Lou Reed @ SESC São Paulo

São Paulo é onde tudo acontece no Brasil. Não dá pra negar essa máxima... só numa cidade como Sampa, Lou Reed se apresentaria por R$ 20,00 no Sesc Pinheiros final de semana que vem. Sim. Estou falando de Lou Reed, o mito, a lenda, guitarrista/vocalista do Velvet Underground e possuidor de uma carreira solo extremamente cultuada, sendo produzido por David Bowie em excelentes discos como Transformer (um dos meus favoritos).

Lou Reed é uma daquelas figuras no cenário musical que não é uma pessoa, mas sim uma imagem pública eternizada e (inexplicavelmente) cultuada de forma unânime. Dizem que ele é a definição do cool.

Lou Reed, ao cento, ao lado dos comparsas do Velvet Underground, Nico e Andy Warhol (a esquerda)

Numa entrevista, em 1977, ele chegou a declarar que, na realidade, Lou Reed é apenas uma sedutora imagem construída pelo imaginário underground: "I've hidden behind the myth of Lou Reed for years. I can blame anything outrageous on him. I make believe sometimes that I'm Lou Reed. I'm so easily seduced by the public image of Lou Reed that I'm in love with Lou Reed myself. I think he's wonderful. No, it's not something I do to disguise my vulnerability or insecurity. Sometimes I just like being Lou Reed better than I like being anyone else".

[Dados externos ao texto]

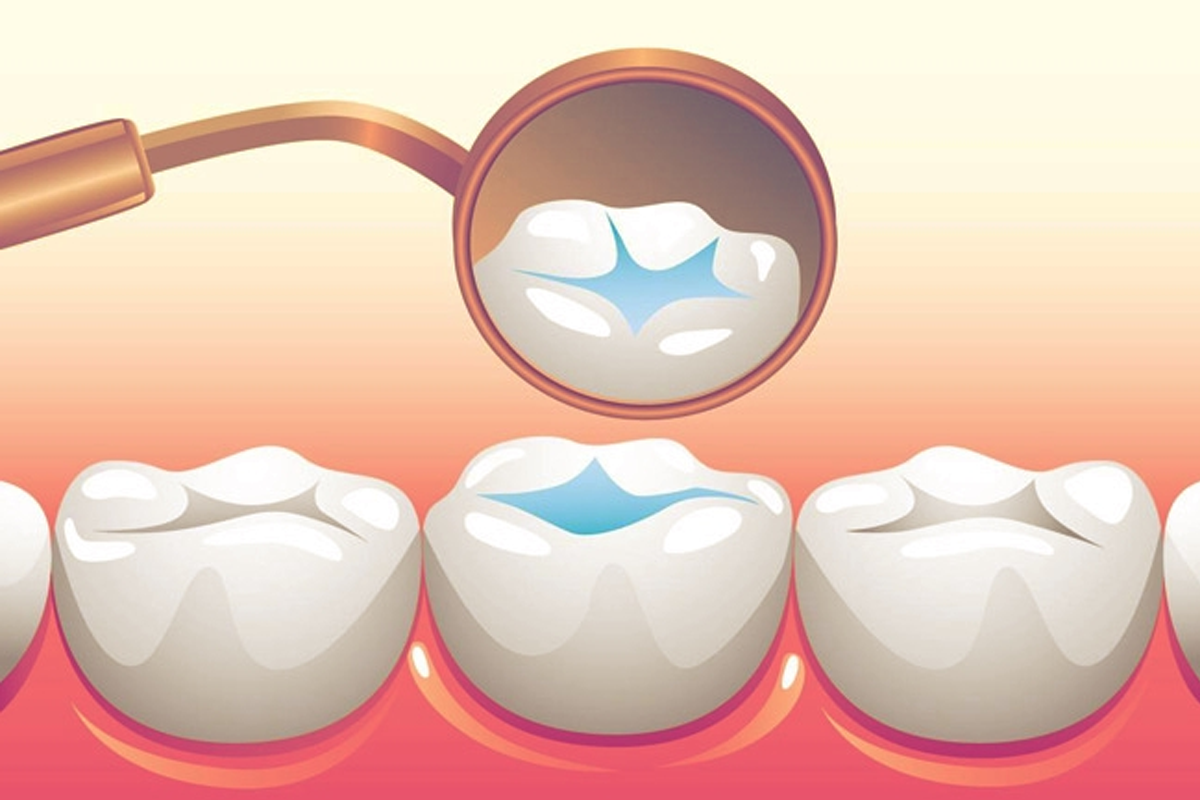 How dental sealants help your teeth from Decay and Pain?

De fato, não há muito que se explicar. Lou Reed é simplesmente cool. É a síntese do alternativo nova-iorquino e umas das grandes fontes de inspiração para todo o movimento punk.

Com relação a música, Reed é autor de alguns clássicos do rock, como Take a Walk on the Wild Side (1972). Aliás, essa é uma das músicas mais cool de todos os tempos (e, pra mim, fica numa disputa acirradíssima com Buena, do Morphine).

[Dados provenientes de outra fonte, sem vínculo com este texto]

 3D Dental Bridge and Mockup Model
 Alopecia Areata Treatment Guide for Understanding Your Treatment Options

Genial, não? Ouvi muito esse disco em Londres - foi um dos primeiros álbuns que comprei depois do meu primeiro salário na capital inglesa. Se essa não for a música mais cool de todos os tempos, pelo menos é a que tem o melhor solo de sax da história do rock! Inegável, neste aspecto.

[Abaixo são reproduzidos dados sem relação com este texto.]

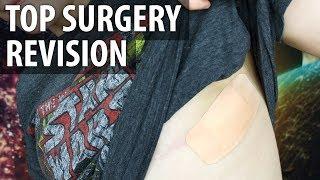 Top Surgery Scar Revision Dr. Garramone  Nonbinary Top Surgery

Mas é bom os fãs de Transformer não se empolgarem muito com esse show em São Paulo. Lou Reed não tocará nenhum dos clássicos de sua carreira, mas apenas o álbum Metal Machine Music, considerado um dos discos mais "inescutáveis" de todos os tempos.

O disco, lançado em 1975, é uma mistura de distorções, microfonias, reverberações, sons de máquinas, barulhos agudos, notas fora de lugar e muita, mas muita sujeira sonora - Metal Machine Music foi noise muito antes de existir bandas como Sonic Youth.

Portanto, não espere as sutilezas de composições como I'm Free, Vicious, Sweet Jane, e outros. O show deste final de semana não traz nenhuma melodia vocal, apenas distorções de três instrumentos: a guitarra de Reed, o saxofone de Ulrich Krieger e o sintetizador de Calhoun.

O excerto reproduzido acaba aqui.